La infancia. “Tuve una infancia feliz. Mi padre fue el que me inició en la poesía: solía leerme largos poemas argentinos mientras llenaba la bañera. Mi madre era muy valiente, solía decirme que no me creyera el centro del mundo. Si yo no estaba con ellos no era feliz. El pasaje de mi predilección por las mujeres antes que por los juguetes se dio cuando una vez me llevaron a “El porteño” y me enamoré de Haydeé Bozán. Sin dudarlo, una noche le robé el auto a mi madre y la fui a buscar. Creí que todo había salido bien, después de dejarla en su casa, pero algo me decía que ella me esquivaba… Tenía diez años, yo. Me la encontré muchos años después y fingí ser más viejo que ella”.

Las mujeres. “Las prefiero porque son menos egocéntricas que los hombres. Los hombres me aburren, casi siempre están pensando en ellos mismos”.

Escribir. “La felicidad es inventar historias. Escribirlas implica un considerable esfuerzo. Sin embargo, he sido afortunado: ese trabajo siempre me resultó en algún punto gozoso”.

El inicio. “Empecé a escribir en una revista deportiva-humorística: el peor de los tres redactores era yo. Hoy entiendo que lo mío como periodista era tan olvidable como algunos de mis primeros libros. Después vinieron mis estudios de Derecho y de Filosofía y Letras, que duraron hasta que me di cuenta de que lo mío era escribir, que no sería abogado ni juez y que la carrera de Letras me alejaba más de la literatura que el Derecho. Recién entonces me fui a administrar un campo, período que duró diez años, y que finalizó cuando me convencí de que también como administrador era un fracaso, tras comprar una importante cantidad de vacas que jamás dieron cría”.

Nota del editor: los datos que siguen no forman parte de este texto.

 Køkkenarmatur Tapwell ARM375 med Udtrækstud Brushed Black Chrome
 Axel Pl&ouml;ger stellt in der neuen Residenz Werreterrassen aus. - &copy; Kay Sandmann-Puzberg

Borges. “Aunque parezca mentira, empezamos a escribir juntos cuando nos pidieron que hiciéramos el folleto de un yogurt. Ya nos habíamos conocido en la casa de Victoria Ocampo. Nos divertíamos muchísimo juntos. Pretendíamos escribir buenos policiales y siempre terminábamos yéndonos por las ramas. Nos reíamos tanto que siempre terminábamos preguntándonos qué a hacer para darle verosimilitud a los personajes. Silvina solía decirnos por lo bajo ‘vamos, no sean idiotas’. Y nosotros nos proponíamos dejar de bromear y ser sensatos. Pero durábamos poco: entonces, Borges decía: ‘bueno, acabemos con esto y pongámonos a escribir’. Así dábamos fin a un esfuerzo desde todo punto de vista vano”.

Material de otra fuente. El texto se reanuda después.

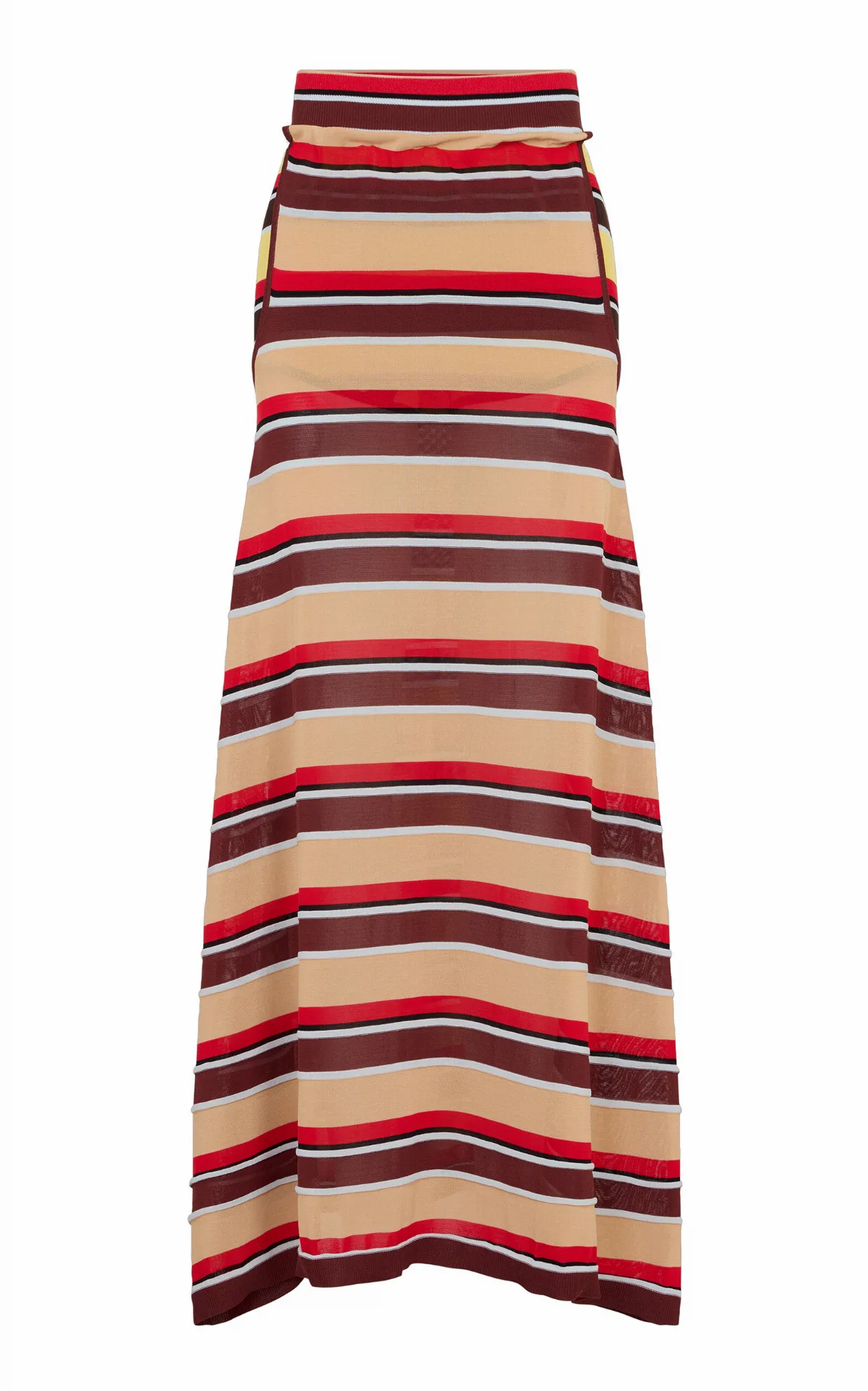 Striped Maxi Skirt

La invención. “La publicación de mi primer libro la financió mi padre, pero yo tardé 40, 45 años en descubrirlo. Cuando se me ocurrió escribir el libro que de alguna manera me consagró, La invención de Morel, yo tenía 27 años. El puntapié inicial fue un espejo trifásico que había en el cuarto de mi madre: viendo como la imagen de la habitación se repetía mil veces en el cristal, tuve la poderosa sensación de que estaba viendo con mis propios ojos algo que en realidad no existía. Esa anécdota, aparentemente banal, es la que me llevó a escribir el libro y la que me acercó a la literatura fantástica. Cuando se lo mostré a Borges él me dijo ‘la estructura es perfecta’ y yo comprendí que lo que en realidad quería decirme era que mejorara el estilo, cosa que hice”.

La humildad. “No me gusta la soberbia. Ni siquiera tolero el amor propio: eso es para las personas que están enceguecidas. Yo prefiero a los que son coherentes y humildes”.

Adolfo Bioy Casares fallecería el 8 de marzo de 1999, a los 84 años de edad. Pero aún hoy, aquel prestigio continúa acompañando su nombre, memoria y legado.

(Fuente: Secretaría de Cultura Argentina y Página 12).